Short web captions:
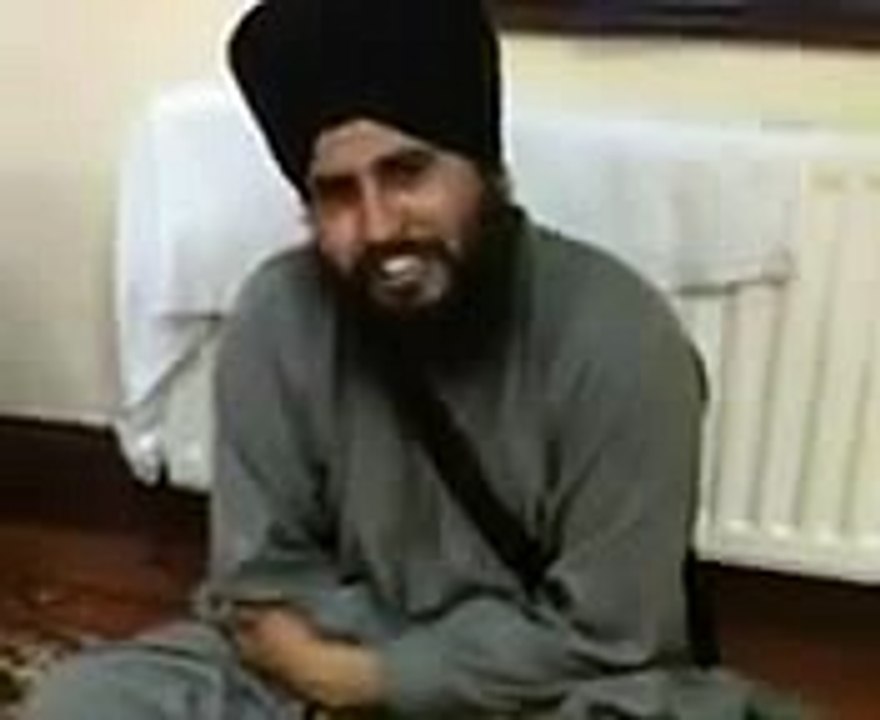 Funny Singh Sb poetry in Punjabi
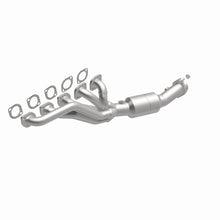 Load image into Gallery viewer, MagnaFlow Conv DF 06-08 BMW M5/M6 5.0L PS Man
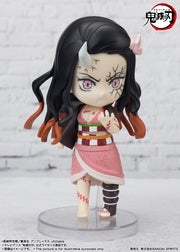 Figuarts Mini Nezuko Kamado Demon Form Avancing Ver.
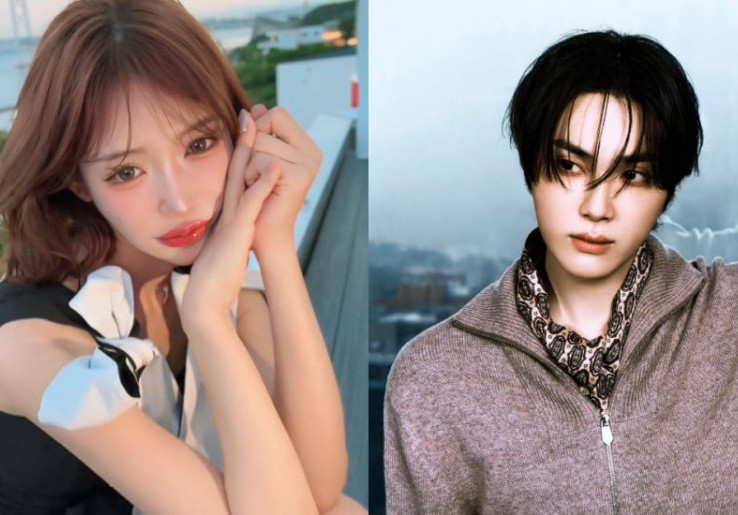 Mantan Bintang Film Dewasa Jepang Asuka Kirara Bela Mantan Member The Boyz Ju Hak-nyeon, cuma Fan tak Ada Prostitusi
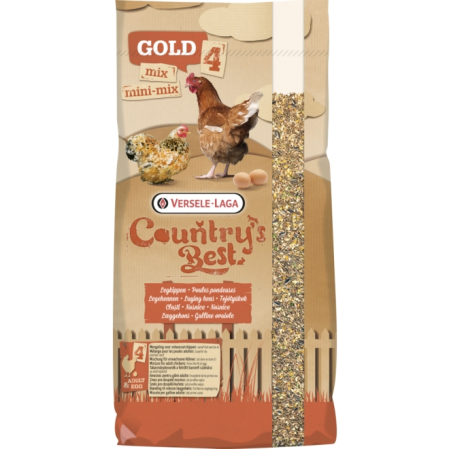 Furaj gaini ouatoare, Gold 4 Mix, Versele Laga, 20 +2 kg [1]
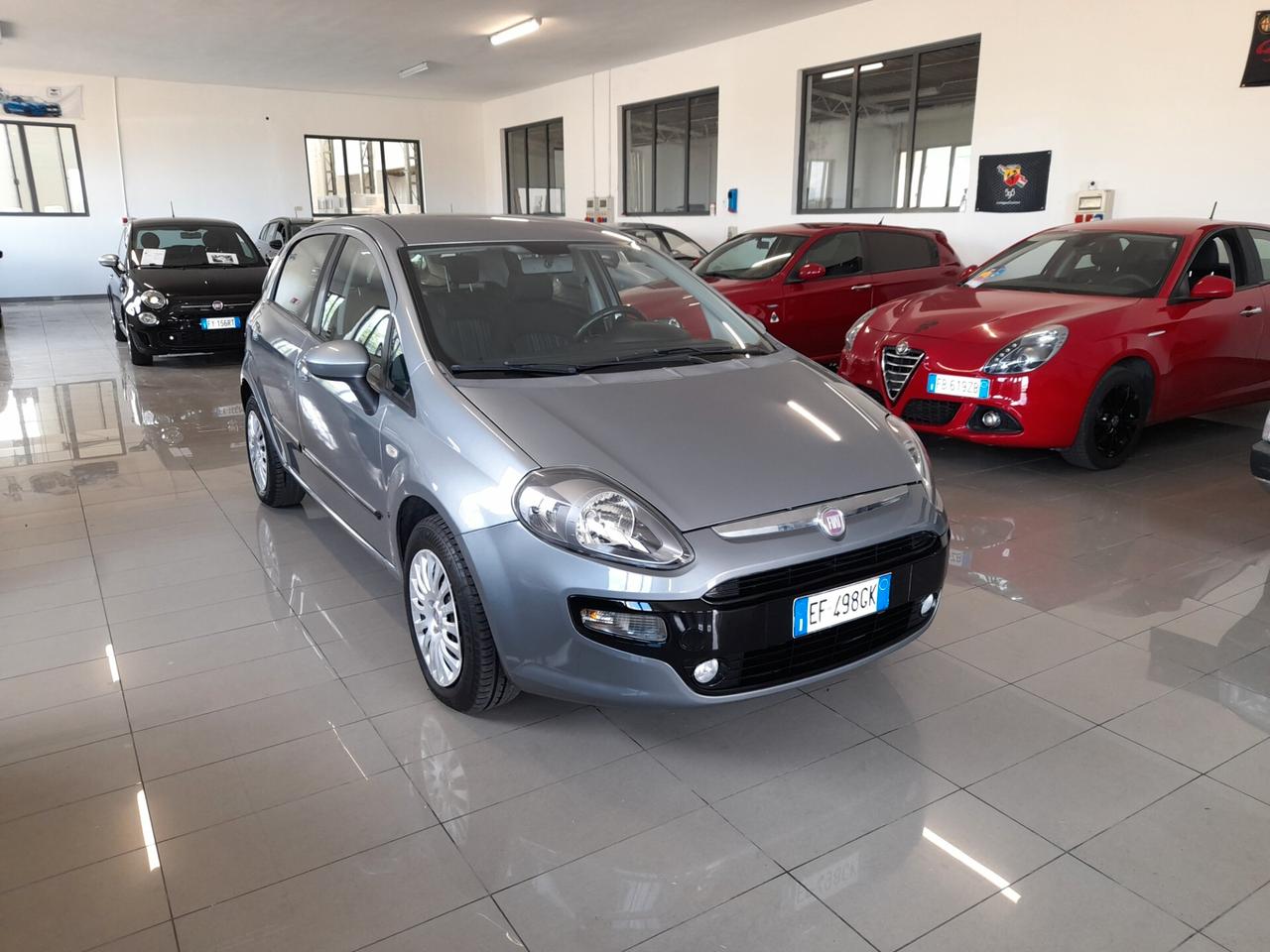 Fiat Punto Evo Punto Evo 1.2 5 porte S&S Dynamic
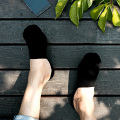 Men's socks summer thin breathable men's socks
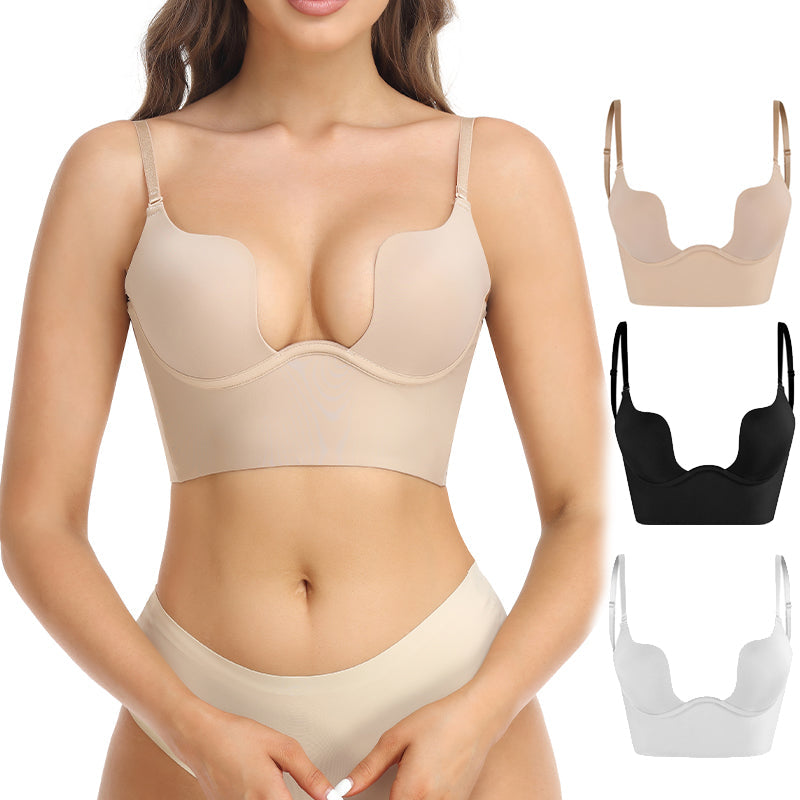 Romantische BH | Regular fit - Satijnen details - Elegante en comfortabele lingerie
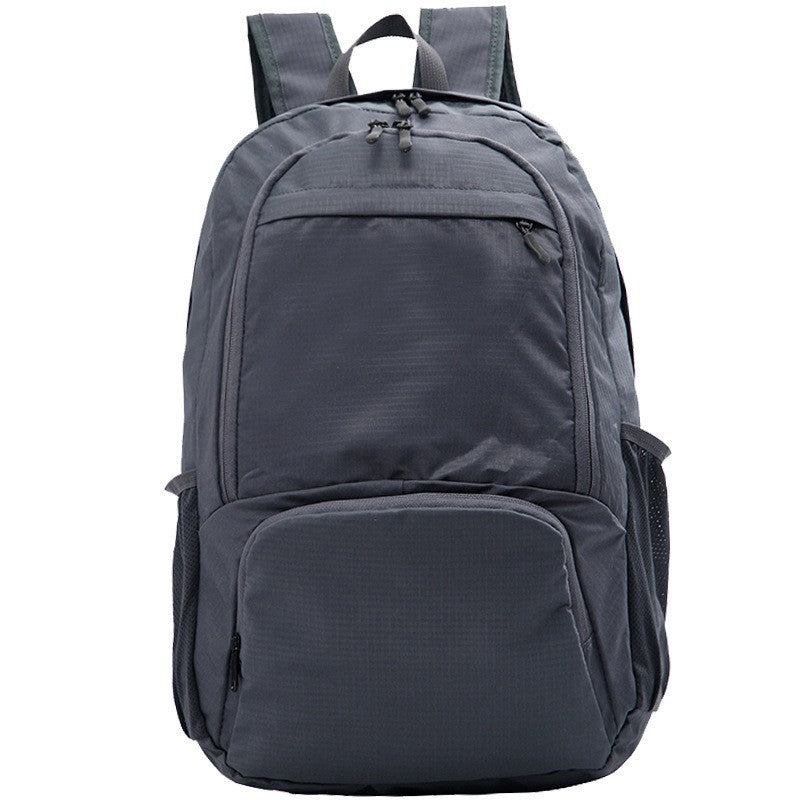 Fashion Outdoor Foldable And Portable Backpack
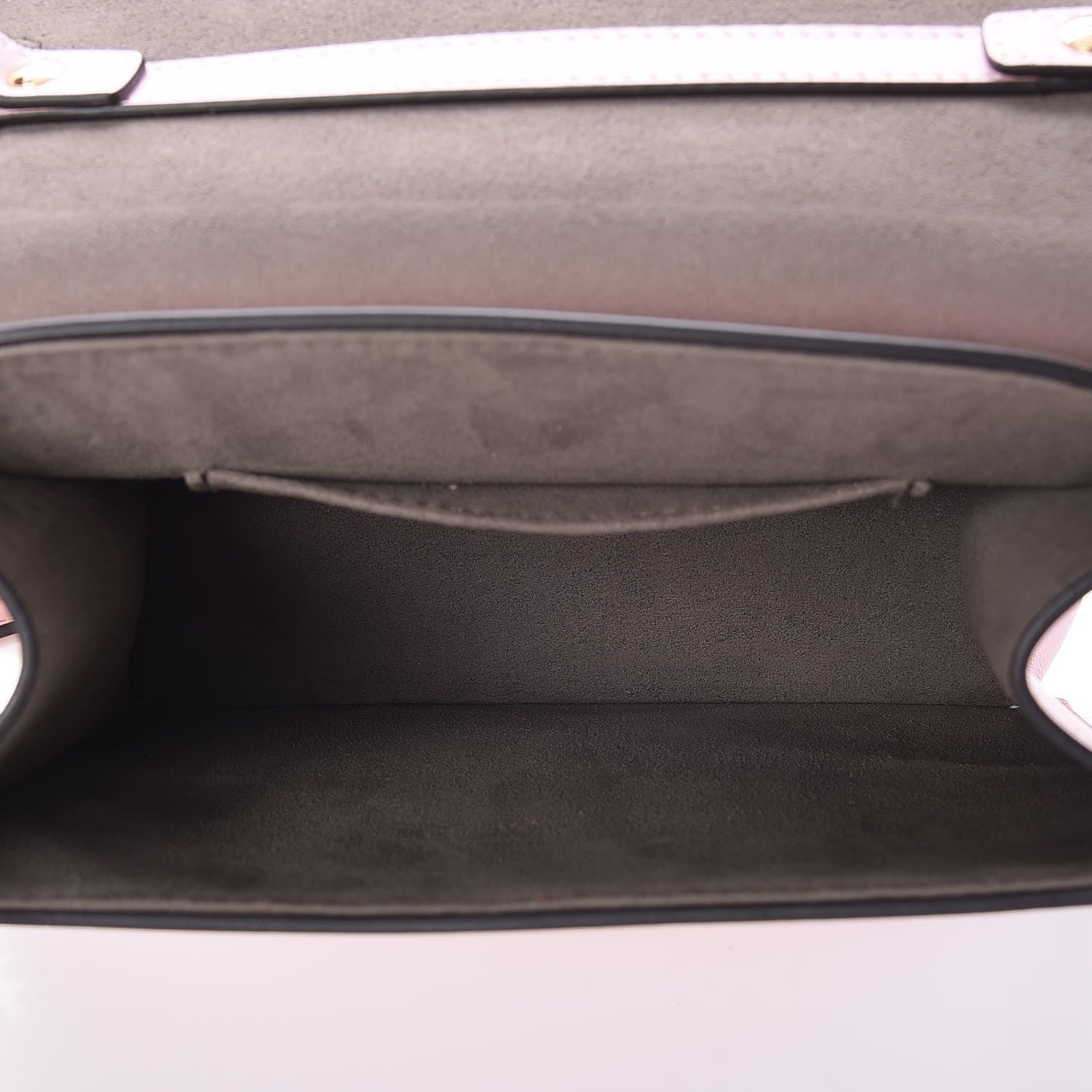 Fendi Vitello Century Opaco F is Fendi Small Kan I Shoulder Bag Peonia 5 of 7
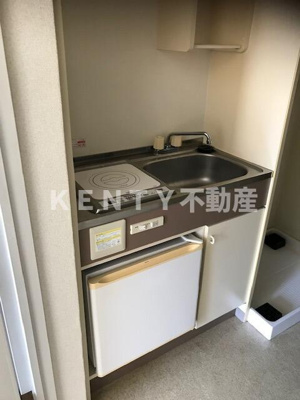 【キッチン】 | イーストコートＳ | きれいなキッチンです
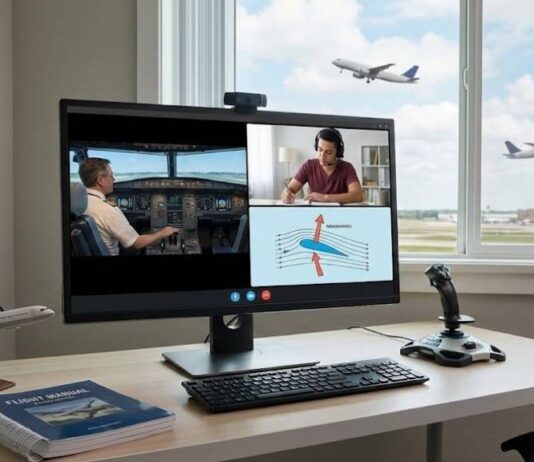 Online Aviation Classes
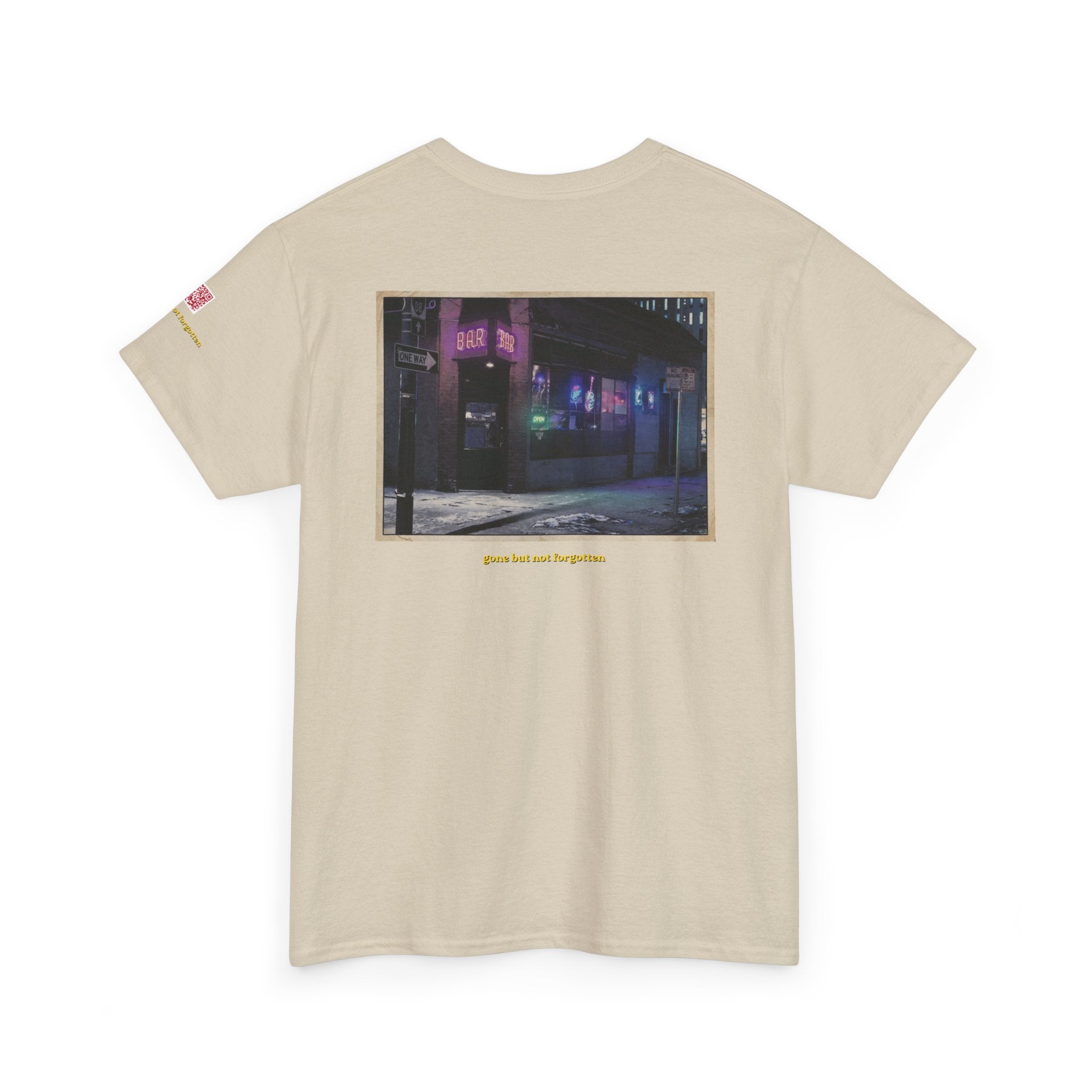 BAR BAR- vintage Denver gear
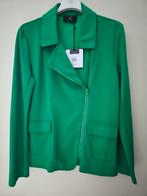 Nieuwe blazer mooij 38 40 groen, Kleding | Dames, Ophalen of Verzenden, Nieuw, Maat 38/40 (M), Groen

Problem requirements – Pictures stay out of the copy. Reproduce exactly the lines from the one containing "イーストコートＳ | きれいなキッチンです" through the last line of the records above, both included.

Task result –
 【キッチン】 | イーストコートＳ | きれいなキッチンです
 Online Aviation Classes
 BAR BAR- vintage Denver gear
 Nieuwe blazer mooij 38 40 groen, Kleding | Dames, Ophalen of Verzenden, Nieuw, Maat 38/40 (M), Groen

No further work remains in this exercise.